» DATA TO EXAMINE:
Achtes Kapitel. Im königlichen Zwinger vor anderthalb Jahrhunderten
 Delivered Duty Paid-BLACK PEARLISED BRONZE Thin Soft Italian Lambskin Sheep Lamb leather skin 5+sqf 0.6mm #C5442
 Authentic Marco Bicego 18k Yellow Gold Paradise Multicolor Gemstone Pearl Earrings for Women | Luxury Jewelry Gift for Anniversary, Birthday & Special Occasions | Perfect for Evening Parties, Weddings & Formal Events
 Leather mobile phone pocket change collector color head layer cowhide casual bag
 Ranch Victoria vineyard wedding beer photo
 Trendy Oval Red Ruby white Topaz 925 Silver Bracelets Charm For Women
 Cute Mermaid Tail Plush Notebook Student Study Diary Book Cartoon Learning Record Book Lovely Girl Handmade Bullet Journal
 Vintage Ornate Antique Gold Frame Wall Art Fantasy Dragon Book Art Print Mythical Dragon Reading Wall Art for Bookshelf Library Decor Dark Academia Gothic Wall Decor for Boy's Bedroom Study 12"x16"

» TASK REQUIREMENTS: Your answer must be a single number: the count of lines in the records that include "Women".

» RESULT OF THE TASK: 2